How To Explain Estrangement To Friends
Like family, some friends will show curiosity about your estrangement. You may have friends that are friendly with several of your family members and are impacted by the estrangement. You may also have friends you do not want to involve in your family issues.
A few reminders:
- You do not have to explain yourself if you don’t want to or don’t feel safe.
- You may explain yourself perfectly and they still may not understand.
Some Ways To Explain Family Estrangement To Friends
- “I’m not speaking to my Mom right now. It’s not safe for me to be around her.”
- “I’m taking some time away from my family to heal and figure things out.”
- “I wish I could be closer to my family, but it’s really bad for my mental health.”
- “I don’t have a relationship with my brother. Unfortunately, we haven’t been able to resolve our issues.”
- “My sister and I can’t have a relationship right now.”
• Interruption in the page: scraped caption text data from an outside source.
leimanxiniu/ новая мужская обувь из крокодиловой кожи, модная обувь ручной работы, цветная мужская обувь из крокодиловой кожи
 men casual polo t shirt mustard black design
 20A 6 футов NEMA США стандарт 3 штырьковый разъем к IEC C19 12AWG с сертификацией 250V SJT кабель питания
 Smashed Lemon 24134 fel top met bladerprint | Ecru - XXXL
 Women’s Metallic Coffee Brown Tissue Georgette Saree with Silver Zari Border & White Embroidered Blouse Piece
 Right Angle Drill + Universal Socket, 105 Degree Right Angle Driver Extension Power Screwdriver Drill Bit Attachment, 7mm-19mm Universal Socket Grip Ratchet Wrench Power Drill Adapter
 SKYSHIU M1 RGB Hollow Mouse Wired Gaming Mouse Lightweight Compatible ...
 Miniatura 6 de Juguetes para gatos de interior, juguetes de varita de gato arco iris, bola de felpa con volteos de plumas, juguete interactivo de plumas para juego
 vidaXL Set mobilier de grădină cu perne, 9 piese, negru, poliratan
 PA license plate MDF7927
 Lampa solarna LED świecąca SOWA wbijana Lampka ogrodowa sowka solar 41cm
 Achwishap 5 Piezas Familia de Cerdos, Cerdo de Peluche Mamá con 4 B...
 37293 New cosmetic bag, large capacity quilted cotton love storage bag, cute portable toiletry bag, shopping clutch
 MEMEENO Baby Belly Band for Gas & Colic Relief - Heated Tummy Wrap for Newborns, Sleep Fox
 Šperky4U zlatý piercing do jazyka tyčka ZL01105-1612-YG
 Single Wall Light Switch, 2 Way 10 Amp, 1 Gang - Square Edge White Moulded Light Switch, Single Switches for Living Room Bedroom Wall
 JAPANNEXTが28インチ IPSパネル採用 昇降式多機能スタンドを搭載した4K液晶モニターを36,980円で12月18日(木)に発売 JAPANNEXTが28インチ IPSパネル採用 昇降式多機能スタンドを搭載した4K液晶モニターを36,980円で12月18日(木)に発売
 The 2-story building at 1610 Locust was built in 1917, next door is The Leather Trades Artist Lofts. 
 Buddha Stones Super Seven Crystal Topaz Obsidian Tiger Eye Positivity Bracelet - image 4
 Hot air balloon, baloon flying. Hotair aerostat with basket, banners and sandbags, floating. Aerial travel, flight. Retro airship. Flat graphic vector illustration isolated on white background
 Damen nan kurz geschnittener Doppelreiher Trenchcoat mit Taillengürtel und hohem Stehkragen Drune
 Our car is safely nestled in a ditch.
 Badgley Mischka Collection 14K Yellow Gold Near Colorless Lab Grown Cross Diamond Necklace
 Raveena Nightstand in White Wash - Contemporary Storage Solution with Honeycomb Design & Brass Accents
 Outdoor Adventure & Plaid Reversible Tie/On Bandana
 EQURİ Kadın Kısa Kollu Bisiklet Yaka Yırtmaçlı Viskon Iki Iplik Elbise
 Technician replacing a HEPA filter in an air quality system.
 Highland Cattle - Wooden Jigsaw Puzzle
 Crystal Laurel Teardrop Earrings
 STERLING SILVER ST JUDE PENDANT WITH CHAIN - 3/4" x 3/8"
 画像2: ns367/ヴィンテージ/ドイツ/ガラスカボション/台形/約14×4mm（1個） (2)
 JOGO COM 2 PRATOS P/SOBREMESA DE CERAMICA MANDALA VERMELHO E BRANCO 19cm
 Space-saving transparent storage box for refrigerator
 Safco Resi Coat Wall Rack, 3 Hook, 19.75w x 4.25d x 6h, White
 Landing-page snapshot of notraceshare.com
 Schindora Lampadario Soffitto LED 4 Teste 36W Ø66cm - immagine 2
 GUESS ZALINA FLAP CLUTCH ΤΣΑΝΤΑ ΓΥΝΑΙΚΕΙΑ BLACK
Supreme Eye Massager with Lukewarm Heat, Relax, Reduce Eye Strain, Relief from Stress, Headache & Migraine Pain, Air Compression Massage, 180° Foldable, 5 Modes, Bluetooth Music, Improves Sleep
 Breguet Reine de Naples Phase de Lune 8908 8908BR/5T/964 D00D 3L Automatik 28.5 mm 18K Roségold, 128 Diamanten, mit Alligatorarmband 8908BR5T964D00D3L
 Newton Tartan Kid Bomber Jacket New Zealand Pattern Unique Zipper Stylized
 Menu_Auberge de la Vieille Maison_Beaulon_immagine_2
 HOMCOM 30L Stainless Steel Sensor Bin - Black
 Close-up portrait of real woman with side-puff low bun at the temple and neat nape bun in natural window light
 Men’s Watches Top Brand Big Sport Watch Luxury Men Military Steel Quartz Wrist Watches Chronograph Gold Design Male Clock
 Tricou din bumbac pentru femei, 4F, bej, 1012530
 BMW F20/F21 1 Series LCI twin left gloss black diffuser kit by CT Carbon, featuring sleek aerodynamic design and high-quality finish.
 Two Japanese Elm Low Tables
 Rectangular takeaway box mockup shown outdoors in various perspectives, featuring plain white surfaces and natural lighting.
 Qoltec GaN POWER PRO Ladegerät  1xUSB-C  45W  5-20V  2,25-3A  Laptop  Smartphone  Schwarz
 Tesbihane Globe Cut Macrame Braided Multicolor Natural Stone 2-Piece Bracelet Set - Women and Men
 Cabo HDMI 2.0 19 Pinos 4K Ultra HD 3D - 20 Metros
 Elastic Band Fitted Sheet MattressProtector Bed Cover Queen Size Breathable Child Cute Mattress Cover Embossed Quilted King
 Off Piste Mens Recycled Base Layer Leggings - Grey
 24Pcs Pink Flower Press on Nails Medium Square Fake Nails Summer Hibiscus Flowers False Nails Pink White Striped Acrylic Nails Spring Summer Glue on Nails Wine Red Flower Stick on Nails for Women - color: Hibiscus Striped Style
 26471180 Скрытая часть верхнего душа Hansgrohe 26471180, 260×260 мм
How To Explain Estrangement To People Who Don’t Get It
There will always be people that don’t understand estrangement. They cannot imagine doing it themselves or they come from a safe, loving family. These people may push back on your boundaries or say, “But they’re your family.”
A few reminders:
- Some people will never get it.
- You don’t have to explain yourself to these people until they get it.
Some Ways To Explain Family Estrangement To People Who Don’t Get It
- “I know you’re very close with your family and this is hard for you to understand. I hope you can trust that it's for a good reason if I cut off a family member.”
- “It’s ok if you don’t understand. I know I’m doing what is right for my family.”
- “Thanks for sharing how you feel. I am doing what is best for me right now.”
- “Sometimes family isn’t safe and you can’t have a relationship with them.”
- “You’re fortunate that you can’t comprehend cutting off your family. It’s a tough decision to make.”
How To Explain Estrangement To People Who Are Pressuring Your To Have A Relationship
Family estrangement impacts everyone in your orbit. Some people will pressure you to have a relationship to make them more comfortable.
A few reminders:
- People who know your history will likely understand why you made your choice. People who don’t have enough information may judge or pressure you. Remember, they are typically uninformed.
- People who are uncomfortable due to your choice will want you to end the estrangement. You are allowed to prioritize yourself.
- People are allowed to be upset about the change in the family. It’s normal for the family unit to prioritize cohesiveness at all costs. Sometimes this means asking people to ignore their feelings in the name of togetherness.
Some Ways To Explain Family Estrangement To People Who Are Pressuring You To Have A Relationship
- “I know it’s hard that I’m not speaking to Mom right now. I understand that it really complicates Christmas. I wish things could be different too.”
- “I wish we could have a healthy relationship too. I can’t reconnect with Dad until he is sober.”
- “She still hasn’t apologized for the abuse and continues to abuse me. I’ve decided we can’t have a relationship until it’s safe.”
- “I understand why you want the family to be together again. I’m not willing to sacrifice my mental health for that.”
- “Thank you for the feedback. I am not going to have a relationship with him.”
How To Explain Estrangement To People Who You Don’t Want To Explain Your Situation To
There will always be people who ask questions about the estrangement or someone you’re estranged from (on purpose and on accident). You may not want to explain or share with these people and that is ok.
A few reminders:
- You do not have to explain yourself to everyone who asks.
- Sometimes it is ok to say nothing and change the subject.
- Sometimes it is ok to gloss over the truth if it helps you avoid explaining yourself.
Some Ways To Explain Family Estrangement To People Who You Don’t Want To Explain Yourself To
- Try to change the subject.
- Lie, say the person is “doing well,” and change the subject.
- Say, “I haven’t talked to them in a little while.”
- Ignore the question if you can.
- If they ask about them, “I’ll tell them you said hi!”